How a tiny team in Cambridge, England, brought Senua to life.

In a makeshift changing room filled with Disney Infinity figures, I strip down to my boxers and pull on a two-part Lycra suit. It feels tight, and the top half shimmies up toward my waistline as soon as I stretch or stand up straight. How anyone is able to act in this thing is a mystery to me. Sheepishly, I gather my belongings and trot back to the motion capture studio that sits at the end of Ninja Theory's offices in Cambridge, England. Inside, a couple of engineers scurry about, prepping cameras and cables.

For years, movie and video game studios have used mocap to bring digital characters to life. From detective Cole Phelps in L.A. Noire to the powerful Caesar in Planet of the Apes, the technology has delivered some truly moving, actor-driven performances. Normally, however, motion capture scenes are processed by an animator hours, days or weeks after they've been captured on set. It's a time-consuming process, and one that involves some guesswork. In a sparse, lifeless room, directors are forced to imagine how a take will look in the final sequence.

Not so with Ninja Theory. The video game developer has a unique setup that allows Chief Creative Director Tameem Antoniades and his team to preview scenes in real time. Pre-visualisation, or pre-vis, has existed before in the industry, but it's typically limited to body tracking. Full-character modelling is rare, especially at the kind of fidelity Ninja Theory is shooting for with its next game, Hellblade: Senua's Sacrifice.

On a wet, dreary August afternoon, I prepare for my first motion capture performance. An engineer says hello and starts sticking various balls to my suit, covering important joints and muscles. I then slip my shoes inside some special wraps, kept in place with bright pink tape, and grab a peaked cap that can monitor my basic head position. I look and feel ridiculous. In the corner, behind a bank of PCs, another member of the team asks me to stand in a "T" position, arms stretched out wide. It's time to see what my body is capable of.

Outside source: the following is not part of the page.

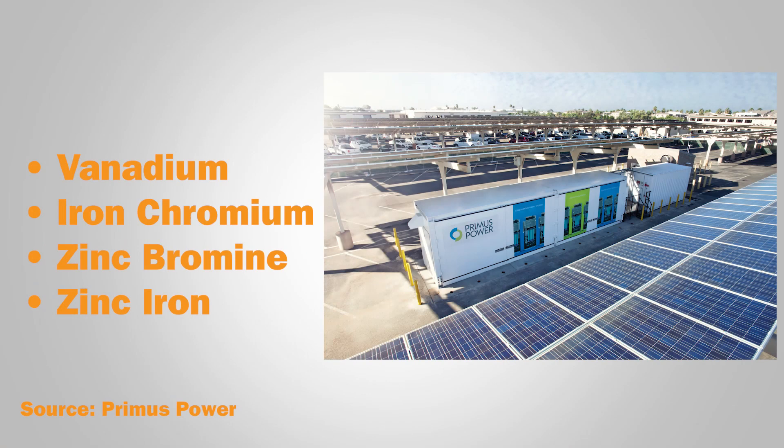Flow battery manufacturers offer a variety of chemistries including vanadium, iron chromium, zinc bromine, zinc iron, and more. Flow batteries can also be redox, hybrid, and membrane-less.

The next 10 minutes is a short aerobic workout. I'm asked to spin my arms in a circular motion before rotating my hips and lunging like an Olympic weightlifter. These exercises, I'm told, help the system to understand my body's full range of motion. Then, on a wall-mounted monitor, I see my character appear. First it's just a bevy of dots floating in space, then a blue, jellylike figure with no discernible features. Finally a strange, nightmarish warrior appears with bulging muscles and an animal-skull helmet. Branches poke out the back of his head, adding extra height to an already imposing figure.

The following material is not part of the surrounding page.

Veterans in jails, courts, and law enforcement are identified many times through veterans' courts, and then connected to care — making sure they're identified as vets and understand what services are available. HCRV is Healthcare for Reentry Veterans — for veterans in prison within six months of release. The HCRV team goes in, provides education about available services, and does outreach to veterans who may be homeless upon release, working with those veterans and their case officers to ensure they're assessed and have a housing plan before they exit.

Melina Juergens, the actress behind Hellblade's lead character, Senua, enters the room in another mocap suit. Her setup is a little different from mine, given she has a full digital double in the game. A circular, plastic arm wraps around the front of her face, similar to orthodontic headgear, with an LED light strip and cameras fitted on the inside. Senua soon pops into the scene, a powerful Celtic warrior covered in cuts and symbolic blue body paint. We are standing on a beach, with a huge tree behind us covered in flames and hanging bodies. It's a dark, sinister scene, but my first reaction is to dance around like a drunkard at a jamboree.

The Viking warrior matches my movements, and for a moment, I'm lost in the magic. I spend the next half hour with Juergens dancing, pretend fighting and playing the most surreal game of red hands. All the while I'm looking over my shoulder at a wall-mounted monitor, marveling at how the scene is able to render my movements with zero perceivable lag. Antoniades seems to be enjoying the moment too. He glides around the room with a two-handed camera grip that's also fitted with motion-tracking balls. There's nothing inside the cradle, however -- it's merely a prop to move the perspective, or virtual "camera," inside the world of Hellblade.

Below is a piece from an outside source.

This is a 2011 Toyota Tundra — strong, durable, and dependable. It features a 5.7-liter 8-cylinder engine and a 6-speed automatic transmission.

Ninja Theory has a long history of using technology to push the visual quality of its games. In 2007, the company released Heavenly Sword, a hack-and-slash adventure for the PlayStation 3. The cinematics were crafted with motion capture technology developed by Weta Digital, a visual effects company in New Zealand co-owned by Peter Jackson. The star-studded cast included Andy Serkis, best known for his role as Gollum in The Lord of the Rings movies, and Anna Torv, who played FBI agent Olivia Dunham in the J. J. Abrams sci-fi drama Fringe.

Heavenly Sword was one of the first games to use performance capture. While the combat was criticized for its repetitive nature, reviewers praised the "stellar" character performances and "stunning" presentation. The team took a similar approach with Enslaved: Odyssey to the West in 2010, once again using performance capture with an experienced TV and movie cast that included Serkis and Pretty Little Liars regular Lindsey Shaw. The game was flawed, but with Ex Machina director Alex Garland as co-writer, the press commended its "strong" script and oftentimes "beautiful" visuals.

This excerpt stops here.